This paper unifies the formal language expressivity of RNNs/SSMs as an algebraic problem: once numerical semantics are fixed, the languages a model can recognize are determined by its hierarchical transition monoids and their wreath products. Furthermore, the same architecture yields entirely different counting capabilities under floating-point versus unsigned integer semantics.

Background & Motivation¶

Background: In recent years, analyzing the expressivity of language models has often involved treating architectures like RNNs, SSMs, and Transformers as formal language recognizers. The goal is to determine whether they can perform classical computational tasks such as Dyck language recognition, modulo counting, or finite-state automata simulation. Theoretical results in this direction often translate into architectural insights, such as whether linear RNNs or Mamba-like state-space models can preserve counting information over long sequences.

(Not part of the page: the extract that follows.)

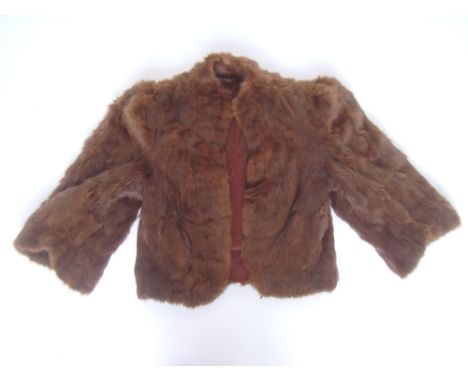 A Vintage Ladies rabbit fur evening jacket.
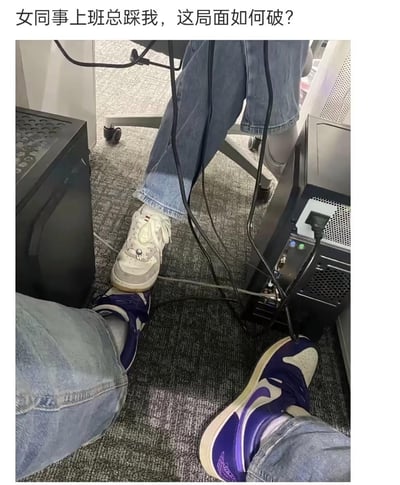 图片内容为办公室场景中两个人的脚交叠在一起，一人穿紫色 Nike 球鞋，一人穿休闲鞋，画面中出现了办公桌下的电脑主机、电线等。配文为“女同事上班总踩我，这局面如何破？”，表现职场中人与人之间的空间尴尬及搞笑局面。整个场景具有一定的生活感和幽默色彩，经常被用来表达职场中的无奈或好玩的时刻。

Limitations of Prior Work: Conclusions in existing literature are inconsistent. Some works prove that RNNs possess strong computational power—even reaching Turing completeness—under exact real-number or rational arithmetic. Others show that under finite-precision or resource-constrained assumptions, they can only simulate finite-state automata. The issue is not that one side is "wrong," but that they assume different arithmetic models, rounding rules, overflow semantics, and evaluation orders.

Key Challenge: Neural network formulas appear to be continuous real-number operations, but real-world deployment occurs on discrete, finite numerical systems with rounding. If a theoretical proof relies on associativity in the real field, infinite precision, or reorderable algebraic identities, it may not transfer to floating-point implementations. Conversely, merely stating "finite precision" without specifying numerical semantics prevents reproducible conclusions regarding expressivity.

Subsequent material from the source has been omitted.